El orden se impone en la reglamentación oficial de la fiesta, y de manera visible en la uniformidad, tan espectacular como cansina, de la indumentaria fallera. Se percibe en la rígida programación de los desfiles y en prácticas menores que, como la despertà -un ruidoso pasacalles matinal que pretende lo que su propio nombre sugiere- condicionan sin mucha lógica el horario de todo hijo de vecino.

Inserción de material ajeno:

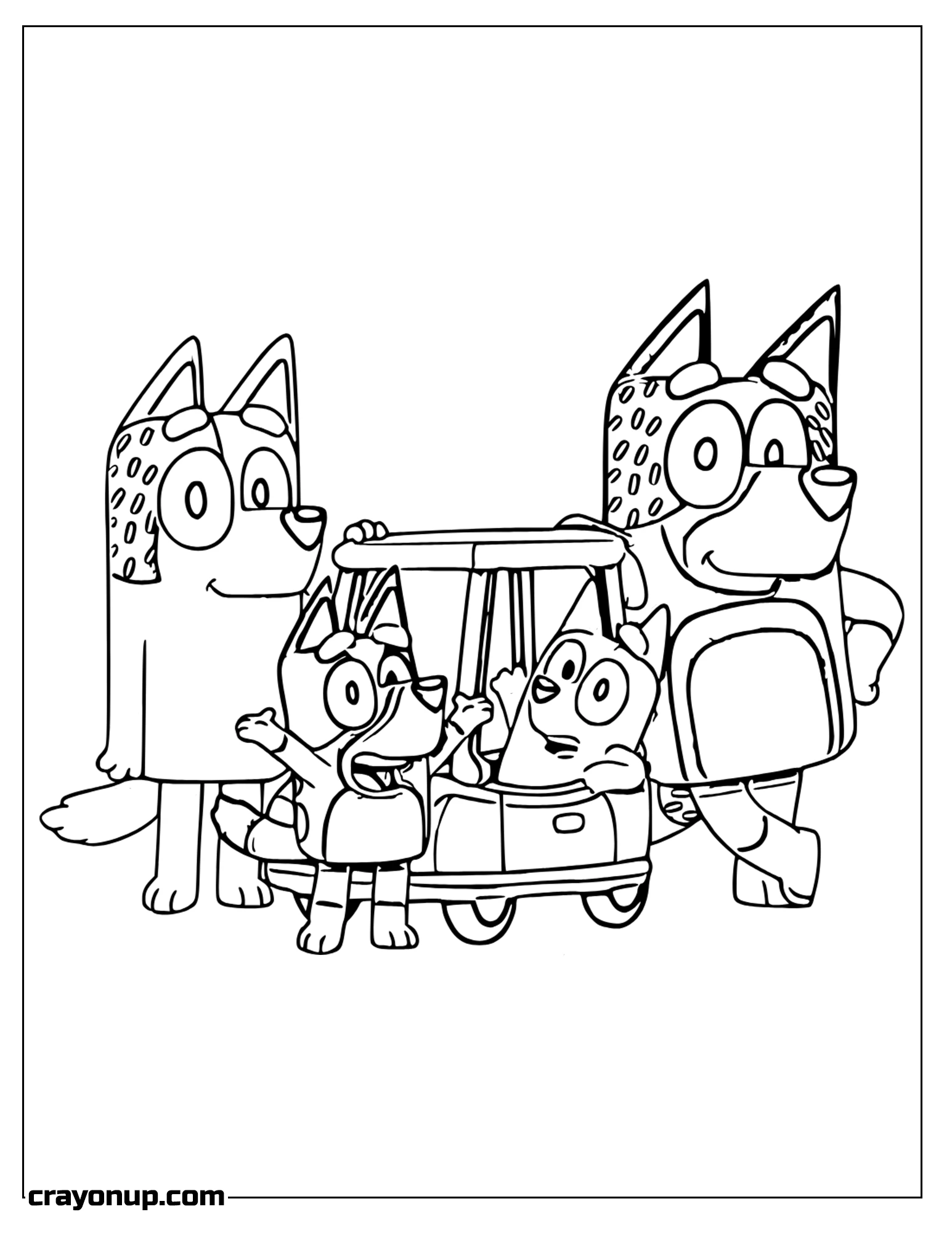 Coloring Page of Printable Cute Bluey with his Family Coloring Sheet
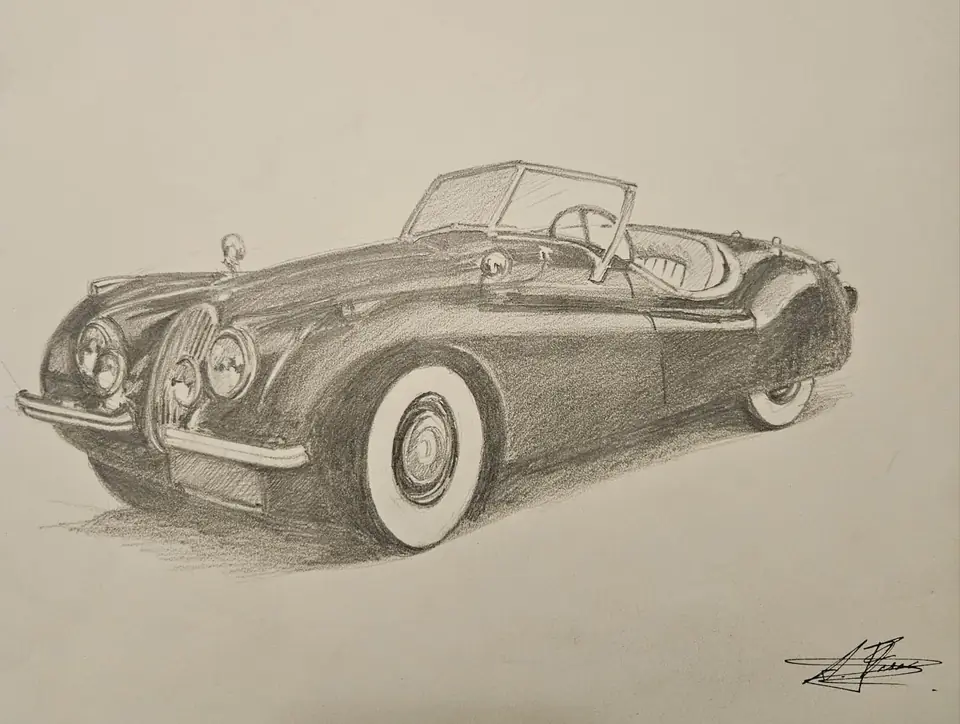 Dibujo a lápiz: Jaguar XK120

Los asuntos relativos al orden son materia de discusión entre los propios, mientras que al visitante sorprende -y tal vez seduce- la desmesura y excesos de la fiesta. De hecho, los medios internacionales que periódicamente acuden al reclamo del fuego, anotan en grandes caracteres la fuerza de las fallas estelares, el costo millonario de los monumentos que las llamas han de pulverizar, el esplendor de esos fastuosos castillos de fuegos artificiales exhibidos en la Alameda, y los temblores de tierra provocados por las mascletaes. Ignoran, cosa normal, la dimensión tribal de la Fallas, esa tendencia a reproducir a escala menor en cada cruce de calles la fiesta del pueblo, con pequeñas y anodinas esculturas de cartón piedra que expresan apenas nada, que entretiene a la parroquia en una noche cualquiera con un pobre espectáculo arrevistado y anuncia a bombo y platillo a través de los altavoces la cena de sobaquillo. Son reminiscencias de una Valencia rural y conservadora, en íntima contradicción con la Valencia que apuesta por una renovación estética y social de las fiestas mayores de Valencia.
No obstante, a Amparo, la niña de cuatro años que no teme a los petardos, todas estas tensiones equinociales le importan un bledo y, hoy mismo, se sentirá la reina del universo cuando la vistan de fallera. También es cierto que se cansará y protestará cuando haga varios kilómetros a pie para llegar a la Ofrenda de Flores, pero disfrutará por el inusual bullicio de su barrio, porque no tiene cole y porque, además, hace un tiempo espléndido para corretear por la calle.